Green initiative drives Franciscan Center

By    Sarah Demerly      


        Megan Drabek

Students, staff, alumni and dignified guests officially welcomed the Franciscan Center for Science and Media at the dedication and celebration ceremony Oct. 15.

One of the main themes of the ceremony focused on the environmentally friendly design and construction of the building.

“This modern and progressive building is a testament of many,” said Sister Mary Renetta Rumpz.

Throughout the entire building, water conservation is a primary focus. The Franciscan Center uses motion sensitive sinks, dual flush toilets and waterless urinals.  These few but detailed changes reduce water consumption by 50 percent. The water conservation also contributes to reducing pollutants by saving energy that would normally be used to treat sewage.                    

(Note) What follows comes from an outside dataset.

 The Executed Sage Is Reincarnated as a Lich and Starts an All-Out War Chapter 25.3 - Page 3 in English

The Franciscan Center is bright and spacious. Daylight floods the gathering area through two-story windows and in doing so, reduces the necessity for manmade light.

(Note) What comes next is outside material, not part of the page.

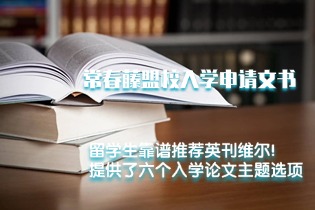 如何写出完美的常春藤盟校入学申请文书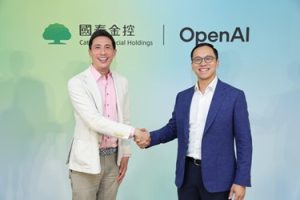 PHOTO: Cathay Financial Holdings announces a landmark long-term partnership with OpenAI, becoming the first financial institution in Taiwan to integrate advanced AI at this scale across research, deployment, and governance. (Resource: Cathay Financial Holdings)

According to the dedication program, to save on energy, the perimeter lights have daylight sensors and turn on when it’s dark. In addition, the classroom lights have occupancy sensors and automatically turn off when the room is vacated for 20 minutes.

Other significant conservation achievements in the Franciscan Center include a floor made of recycled and renewable cork. The cork for the floor covering is made from wine bottle stoppers.

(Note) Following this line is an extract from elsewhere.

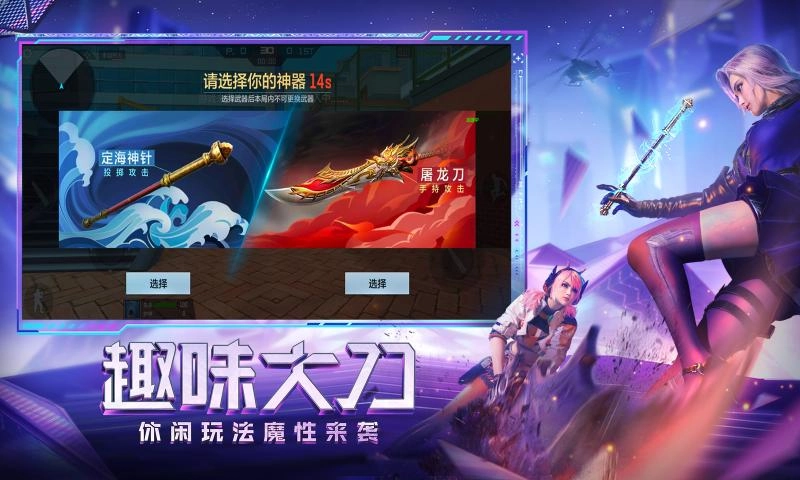 穿越火线枪战王者体验服(1)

A sedum roof covering doesn’t need mowing and provides a bit of flair opposed to a traditional garden. The rooftop garden insulates the building while maintaining the lifespan of the roof and filtering out pollutants.

The new science and media center has earned Leadership in Energy and Environmental Design certification. LEED is internationally recognized for its green building certification standards.

“LEED is third-party verification that a building or community was designed and built using strategies aimed at improving performance across all the metrics that matter most: energy savings, water efficiency, carbon dioxide emissions reduction, improved indoor environmental quality, and stewardship of resources and sensitivity to their impact,” according to

In spring 2010, the building will be officially complete by honoring the Archdiocese of Detroit Cardinals with Cardinals Square, a spacious garden with themes representing sin and redemption. Original sin is reflected by an apple tree while redemption is illustrated by a crucifix, beam of light and fountain.

Among the dignitaries who spoke at the ceremony, Sister Rose Marie Kujawa, President of Madonna University, touched everyone in attendance with her selfless grace.

“This is really a milestone event and one that cannot occur without everyone working so well together,” she said.  “I just thank you from the bottom of my heart for being here today.”